Several sources tell WFAA that Duncanville Healthcare and Rehabilitation Center already has suspended at least two nurses as part of its review.

Part 5 (See Parts 1, 2, 3, 4, 6 and 7 of our continuing investigation of nursing home abuse and neglect.)

Parkland Hospital investigators are conducting a review of a Dallas-area skilled nursing facility for possible over-drugging of patients in an alleged practice known as taking patients “to China.”

Several sources tell WFAA that Duncanville Healthcare and Rehabilitation Center already has suspended at least two nurses as part of its review.

Parkland is conducting its own independent review because the Duncanville facility operates under Parkland’s license. (The agreement with the Duncanville facility is designed to allow uninsured patients to have greater access to skilled nursing beds.)

The reviews follow the WFAA series, “Drugged and Dying,” that investigated the unnecessary use of alleged powerful antipsychotic drugs to sedate or control patients.

Several informants told WFAA that patients at Duncanville Healthcare and Rehabilitation were allegedly being sedated unnecessarily and inappropriately.

Staff, they said, at the nursing home had a term for its practice.

One informant agreed to come on camera, but with identity concealed.

“They said: ‘Take this lady to China,’” the former employee told WFAA.

What does that mean?

“It just can be any medication that will put a person to sleep,” the worker said.

The worker told WFAA what happened next.

“They took that lady to China, and she went to the hospital,” the worker said. “The lady never did come back from the hospital.”

The former employee claims the patient was given the antipsychotic drugs Risperdal and Seroquel. A nurse ordered the drugs because staff feared the patient, who was in a wheelchair, might get up and fall.

However, the patient, who had been awake and talkative - after receiving the drugs – was placed in bed and became nonresponsive, and within six hours was picked up in an ambulance - and later died, the worker said.

Other patients at the Duncanville facility also may have been unnecessarily medicated, according to several workers.

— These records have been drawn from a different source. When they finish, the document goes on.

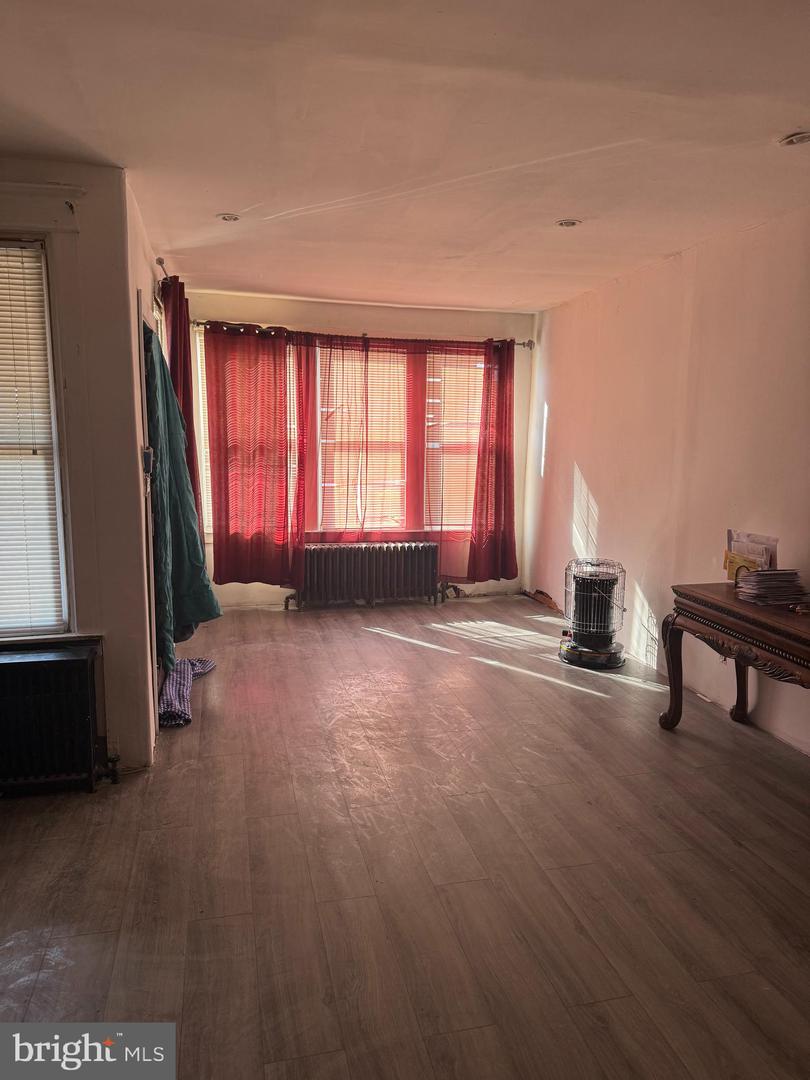819 Lindley Ave Property Photo 7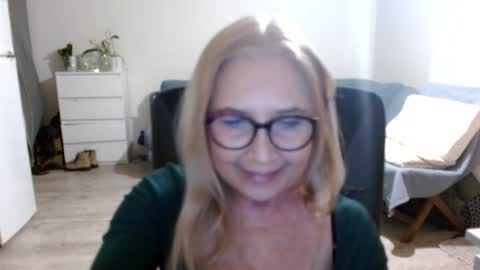 Snapshot of desiresofia chatting on January 2025 05:46:01 PM S O F I A online show from January 2025 05:46:01 PM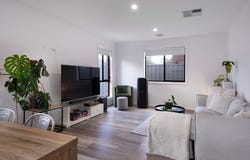 10 Elstead Drive, Strathdale, Vic 3550
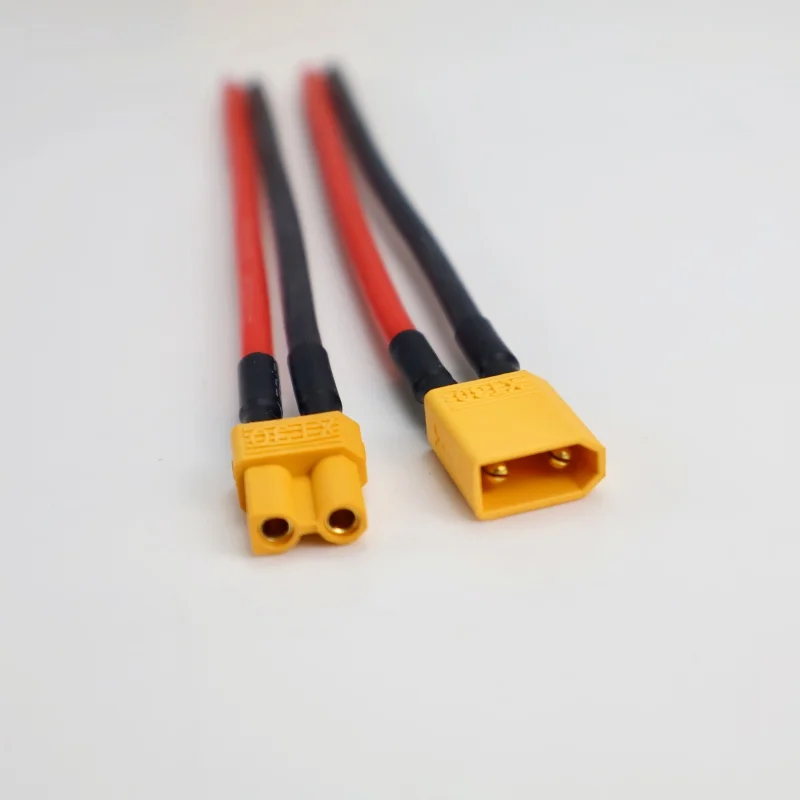 Vue d'ensemble des 20 connecteurs XT60 mâle et femelle, emballés dans un sachet transparent, pour drone RC.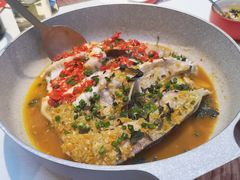 剁椒鱼头-老湘亲·品鉴湘菜(蔡塘爱琴海店)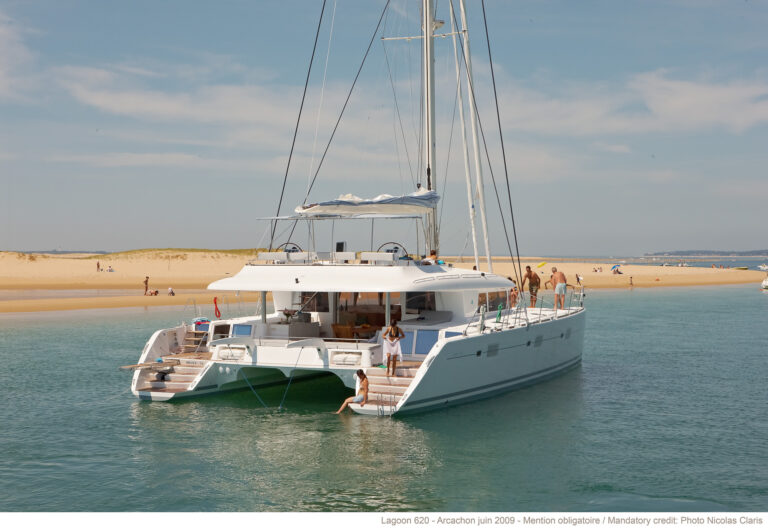 Charter yacht DRAGON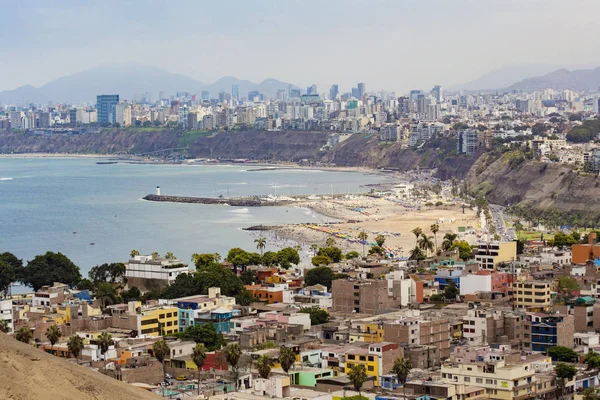 Lima 'nın fakir bölgelerinin havadan görünüşü, Morro Solar, Peru' dan Lima evleri manzarası.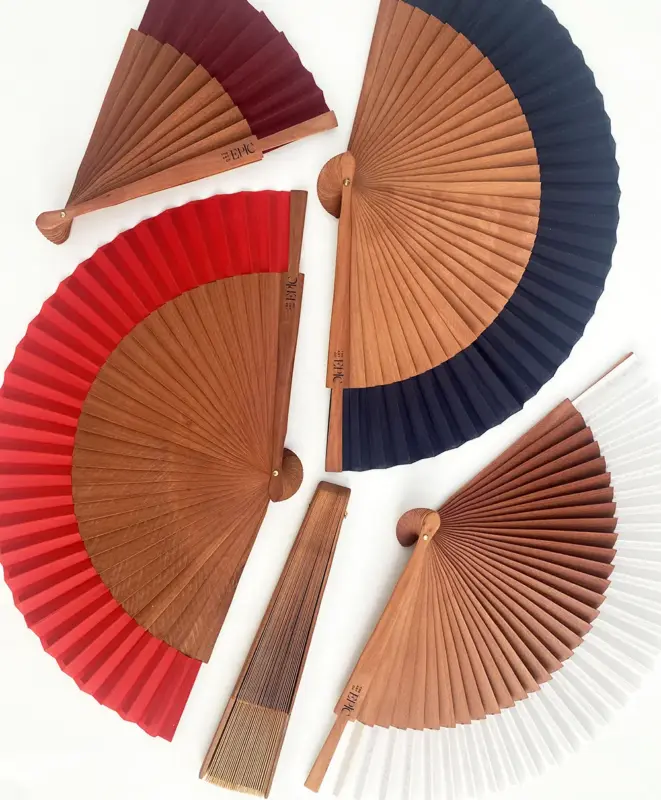 Abanicos lisos con el grabado de la marca "EPIC"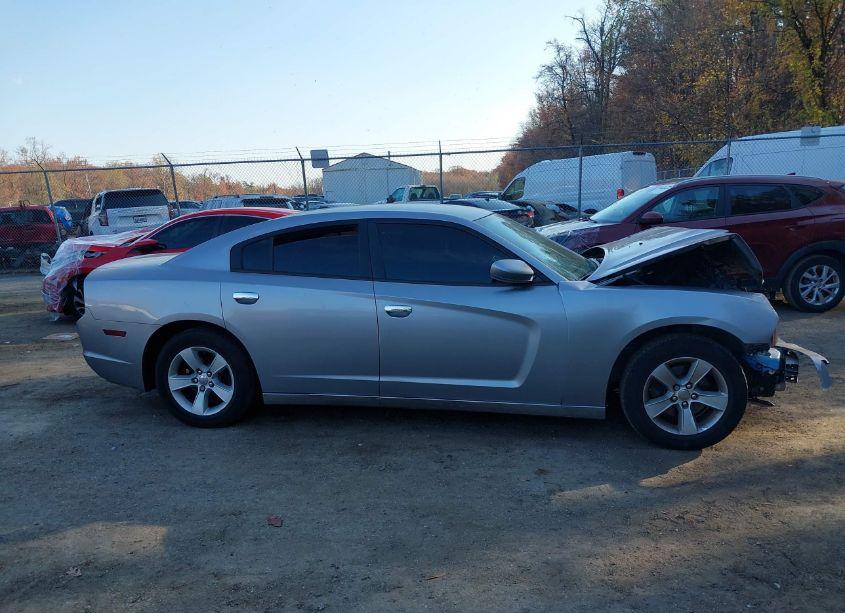 Photo 14 of 2014 Dodge Charger SE (VIN 2C3CDXBG9EH134632)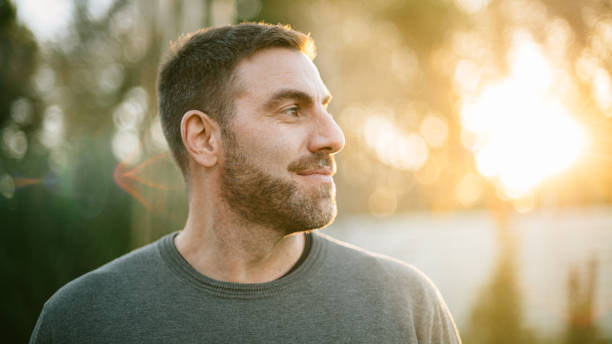 <strong>Daniel E.</strong>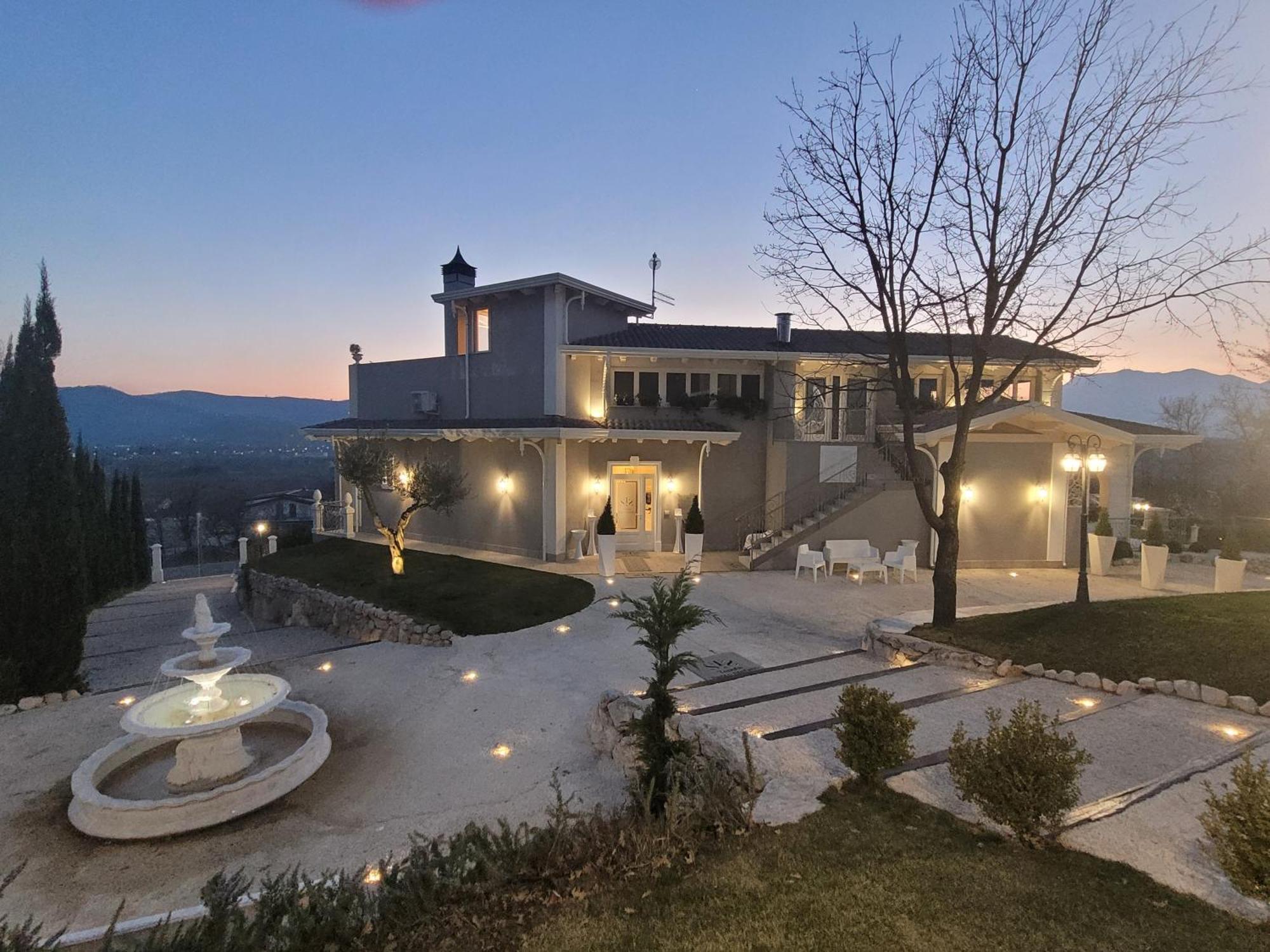 Tenuta Santo Stefano Azienda Agrituristica Santo Stefano del Sole Екстериор снимка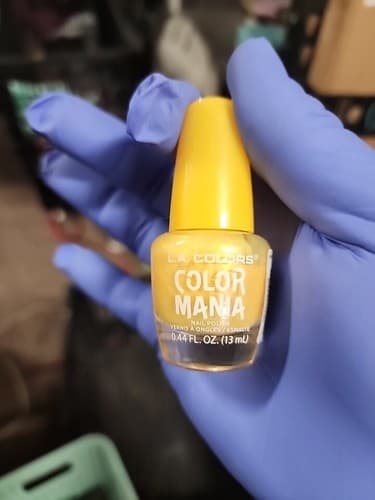 L.A. COLOR MANIA NAIL POLISH 0.44 fl oz BOTTLE, CHOOSE YOUR COLOR. - Image 1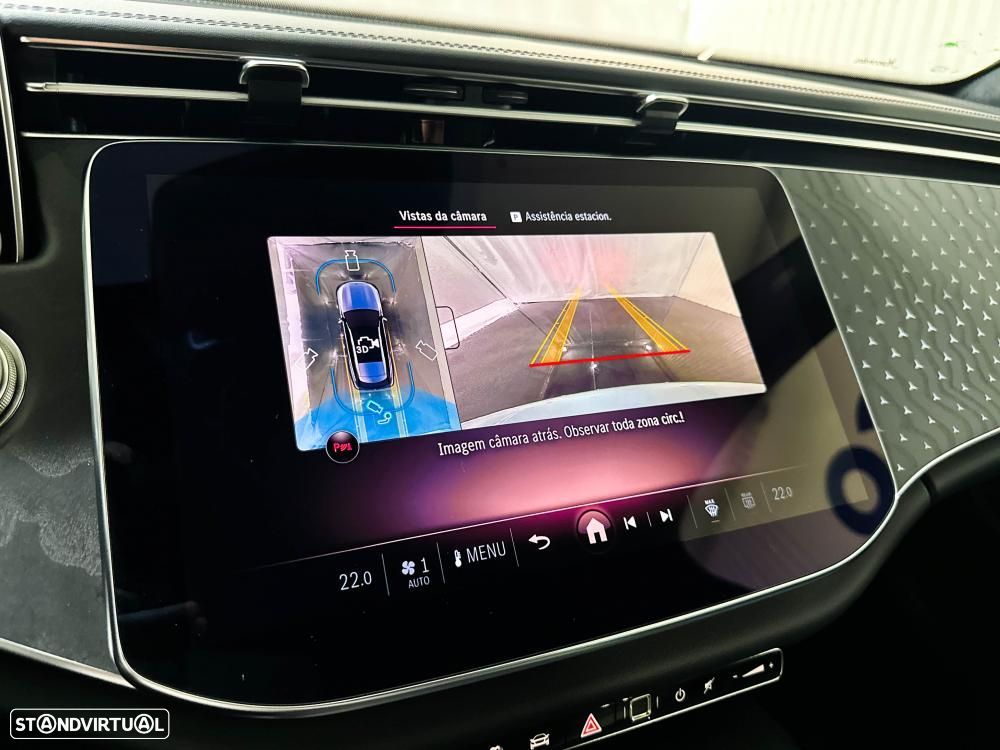 Mercedes-Benz E 300 de 4Matic 9G-TRONIC AMG Line - 57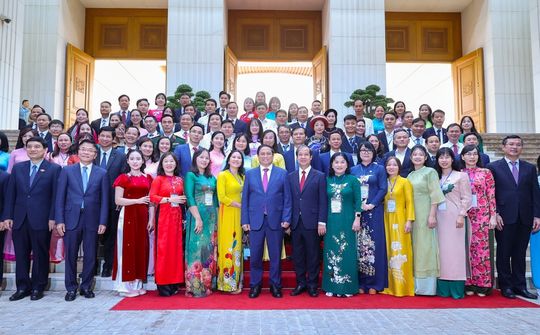 Luật Giáo dục ra đời phải khiến cho giáo viên thật sự phấn khởi, được tôn vinh và tạo điều kiện để cống hiến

That’s despite an “informed consent” law in Texas that requires prescribers and caregivers to explain a drug’s possible side-effects to patients and their guardians.

Advocates say the medications – particularly antipsychotics – may become another form of abuse when inappropriately and unnecessarily given. In fact, antipsychotic drugs may be potentially fatal for elderly patients.

“Our interaction will be with the management,” Mike Malaise, Parkland Senior Vice President of Communications, told WFAA about its facility review. “It will not be us to decide which nurses to keep or leave. Our job is to hold the management accountable and responsible.”

Malaise said Parkland investigators will investigate allegations of patient overmedication.

“Just because the drugs weren’t prescribed doesn’t mean they will not get caught,” Malaise said. “Drug diversion happens, but it is harder than you think to get away with it.”

Malaise said Parkland has notified state officials about their review, and he expects a possible state review to follow.

When WFAA reached a Duncanville Healthcare and Rehabilitation Center administrator by phone, she declined to comment about the allegations and reviews. Instead, she referred questions to an attorney, who also declined comment.

WFAA found in its “Drugged and Dying” series that about 70 percent of a typical nursing home expense goes to staffing. And unlike most other states, Texas lacks any minimum staffing requirements.

In an effort to cut costs, troubled nursing homes may drug the elderly rather than hire needed staff, patient advocates warn. They have dubbed the practice “chemical restraints.”